Controlled protection for milk teeth
Tooth decay in pre-schoolers is still a problem that does not only concern parents. Fluoride varnish plays an important part in keeping the deciduous teeth in young children healthy in terms of caries-preventive treatment. The advantage is that it can be applied to the teeth exactly where needed and will adhere to the tooth surfaces. Studies confirm the caries-preventive effect of fluoride varnish application on milk teeth .
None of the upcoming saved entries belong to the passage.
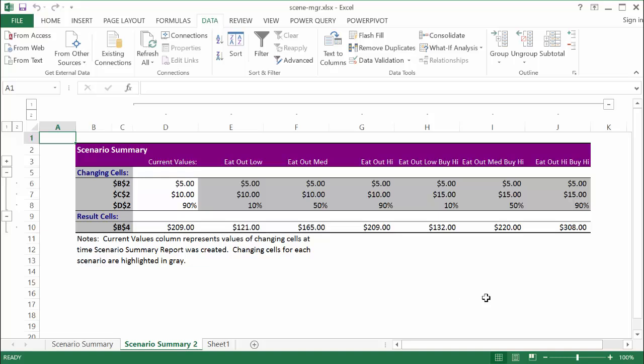So there you go. There's a simple example of how you can use the what if analysis tool called Scenario Manager. Hope that helps. Thanks for watching.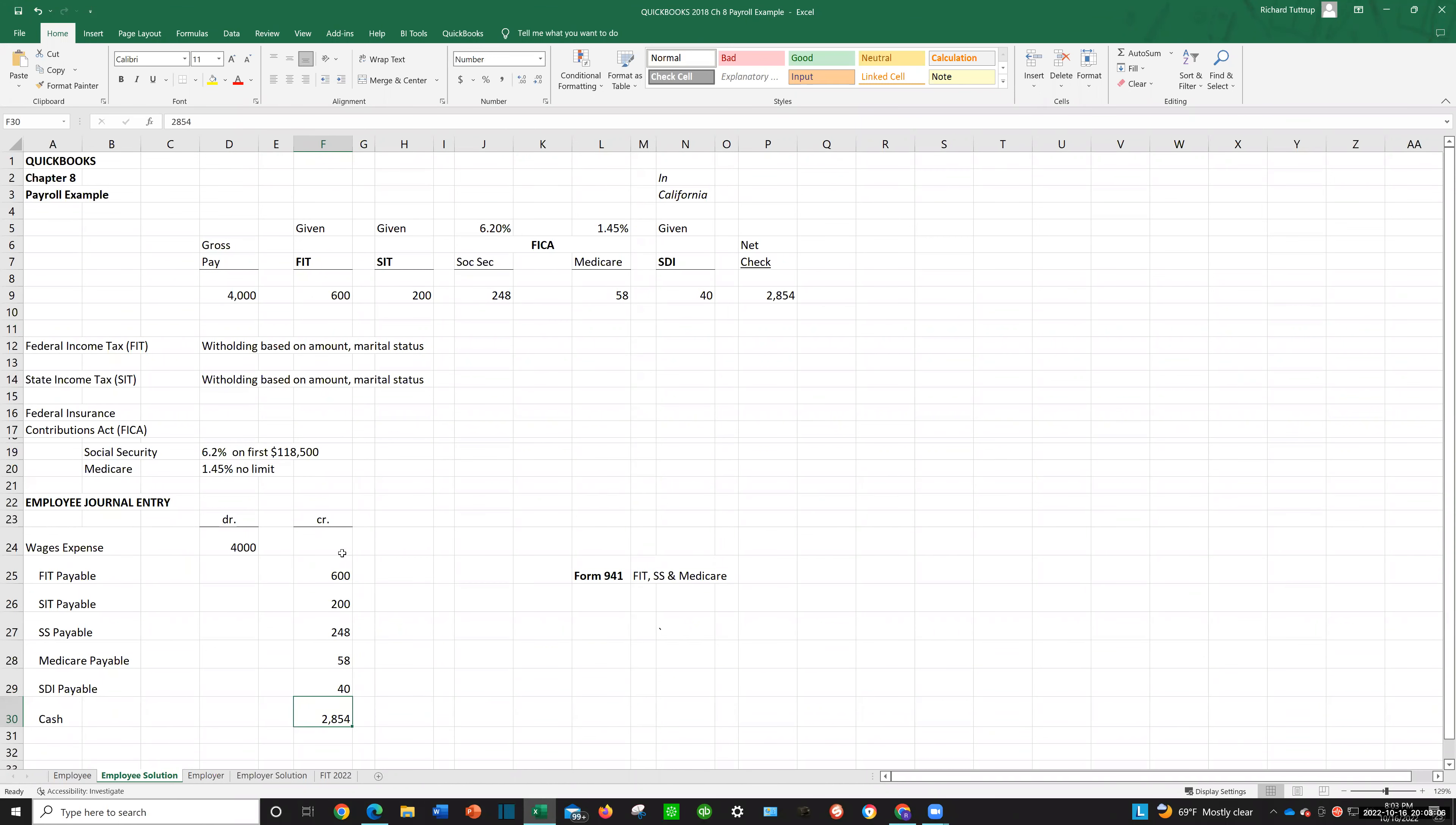Now, why are these payable? Because as an employer, this is money that doesn't belong to us. This is money that we withheld from the employee's check and it belongs to the government. So until we remit these amounts, these taxes to the government, we owe it. So these are all liabilities. Now, I'd like to look at it that way because it's really easy. It's just FIT, SIT, FICA, and SDI, right?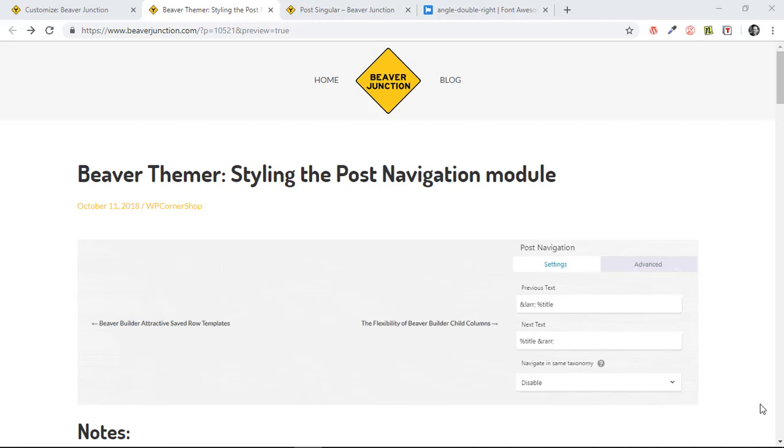Hello, this is the fourth in my series of quick tips and features you can easily miss in Beaver Builder. Here I'm taking a look at Beaver Themer and specifically styling the post-navigation module that comes with Beaver Themer.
The risk-oriented application of a fluoride varnish is recommended as a caries-preventive treatment measure in young children (Fig. 1). The special properties in the varnish mean it can be used as early as the first years of life: The varnish is applied in a controlled manner onto a specific area, which then adheres to the tooth surface after drying. In comparison to other application forms, such as rinsing solutions or gels, this method bares far less risk of ingestion [2–4]. Studies confirm the safe use of this professional treatment method; results show the fluoride concentration, excreted in urine after a single application of the Fluor Protector S varnish by Ivoclar Vivadent, is not significantly higher than that of a placebo varnish .
How the fluoride protects
Fluoride must always be present in small amounts, so that it can inhibit demineralisation and promote the remineralisation of the enamel. This protective effect is sustained by creating a fluoride depot that releases fluoride when necessary: After applying the fluoride varnish, a calcium fluoride-like covering layer is formed on the tooth (Fig. 2). Calcium fluoride-like is a simplified description. In addition to the main component, calcium fluoride, the varnish also contains other constituents, in particular phosphate .
Calcium ions from saliva or tooth enamel combine with fluoride ions: calcium fluoride is formed, which adheres very well to porous tooth surfaces, such as those on newly erupted tooth enamel or demineralised areas . In a pH neutral environment, this compound is practically insoluble and can remain on the teeth for months. The denser and more evenly distributed the calcium fluoride particles cover the teeth, the better they protect against acid attacks. If the pH value falls, calcium fluoride breaks down into its constituents. These can then occupy vacant spaces in the crystal lattice of the enamel, where a more acid-resistant fluorine or fluorhydroxy apatite is produced . In addition, fluoride ions present in saliva prevent the release of fluoride contained in the enamel and therefore reduce the risk of demineralisation.
Protection against caries
Numerous clinical studies confirm the successful caries-preventive effect of applying fluoride varnish to children’s teeth [1, 3, 8, 9]. Less tooth decay develops in milk teeth treated with an application of fluoride varnish than in milk teeth without this treatment . An application of fluoride varnish is also successful in the remineralisation of initial carious lesions .
Dental organizations strongly recommend the use of a fluoride varnish in patients with a high risk of caries. For example, in children with an increased risk of tooth caries, treatment should be carried out twice a year and in patients with a very high risk, generally four to six times a year [2, 12].
Selection criteria for a suitable fluoride varnish
The choice of a suitable fluoride varnish is not only determined by the fluoride concentration. Other properties also contribute significantly to a successful result. In all cases, fluoride must be present and released from the varnish. A varnish system, which adheres well to the teeth and produces a dense layer of calcium fluoride, promotes the long-term release of fluoride. The preparation should not be too viscous. Only a readily flowing compound, which wets the teeth well, is capable of spreading into hard-to-reach areas quickly and easily. A low viscous varnish will spread easily into porous, already demineralised areas, so that the fluoride can initiate remineralisation.
The varnish system, Fluor Protector S, is a product, which meets the selection criteria described above. It is a preparation in which the fluoride source, ammonium fluoride, is completely dissolved . This enables it to be applied immediately and in a controlled dose. The latter is a particularly important aspect, especially when treating children.
The fact that the fluoride compound is completely soluble means that the fluoride itself can act directly and treat the tooth enamel instantly [14, 15]. A dense layer of calcium fluoride-like particles forms a coating over the tooth surface, which protects against acid attacks . The comparatively tight layer creates a depot from which fluoride is released over an extended period of time.
Thanks to its flow and wetting properties, fissures, proximal surfaces and porous areas of tooth enamel can be covered equally well. This means, areas at risk in milk teeth can be protected quickly and effectively.